In many cases, indexes are small and can fit in memory while data is large and does not fit in memory: by using a covering index, you can avoid lots of disk operations and performance can be order of magnitudes better.
Let’s now look at different common scenarios.

Single equality

This is the most basic scenario:

SELECT * FROM t WHERE c = 100

The idea is of course to add an index on (c). However note that if the criteria is not selective enough, the optimizer may choose to perform a full table scan that will certainly be more efficient.
Also note that a frequent variation of this query is when you only select a small subset of fields instead of all fields:

SELECT c1, c2 FROM t WHERE c = 100

Here it could make sense to create an index on (c, c1, c2) because it will be a covering index. Do not create an index on (c1, c2, c)! It will still be covering but it will not be usable for filtering (remember that you can only use a left-most prefix of an index to filter).

Multiple equalities

SELECT * FROM t WHERE c = 100 and d = 'xyz'

It is also very easy to optimize: just add an index on (c, d) or (d, c).

The main mistake here is to add 2 indexes: one on (c) and one on (d).

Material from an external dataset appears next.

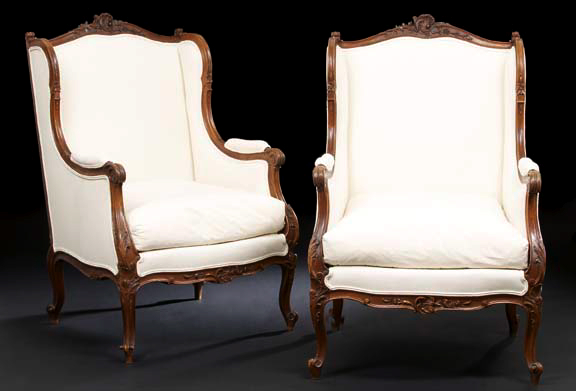 Appraisal: Pair of Louis XV-Style Fruitwood Bergeres avec Orielles third quarter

Granted, MySQL is able to use both indexes with the index_merge algorithm, but it is almost always a very bad option.

Equality and inequality

SELECT * FROM t WHERE c > 100 and d = 'xyz'

Here we must be careful because as long as we are using a column with an inequality, this will prevent us from using further columns in the index.

Therefore if we create an index on (d, c), we will be able to filter both on c and d, this is good.
But if we create an index on (c, d), we will only be filtering on c, which is less efficient.

So unlike the situation when you have equalities, order of columns matters when inequalities are used.

Multiple inequalities

SELECT * FROM t WHERE c > 100 and b < 10 and d = 'xyz'

As we have 2 inequalities, we already know that we will not be able to filter on both conditions (*). So we have to make a decision: will we filter on (d, b) or on (d, c)?

It is not possible to tell which option is better without looking at the data: simply choose the column where the inequality is the most selective. The main point is that you must put the column(s) with an equality first.

(*) Actually there is a way to ‘filter’ on both inequalites: partition on b and add an index on (d, c) or partition on c and add an index on (d, b). The details are out of the scope of this post but it might be an option for some situations.

Equalities and sort

SELECT * FROM t WHERE c = 100 and d = 'xyz' ORDER BY b

As mentioned in the first paragraph, an index can filter and sort so this query is easy to optimize. However like for inequalities, we must carefully choose the order of the columns in the index: the rule is that we will filter first, and then sort.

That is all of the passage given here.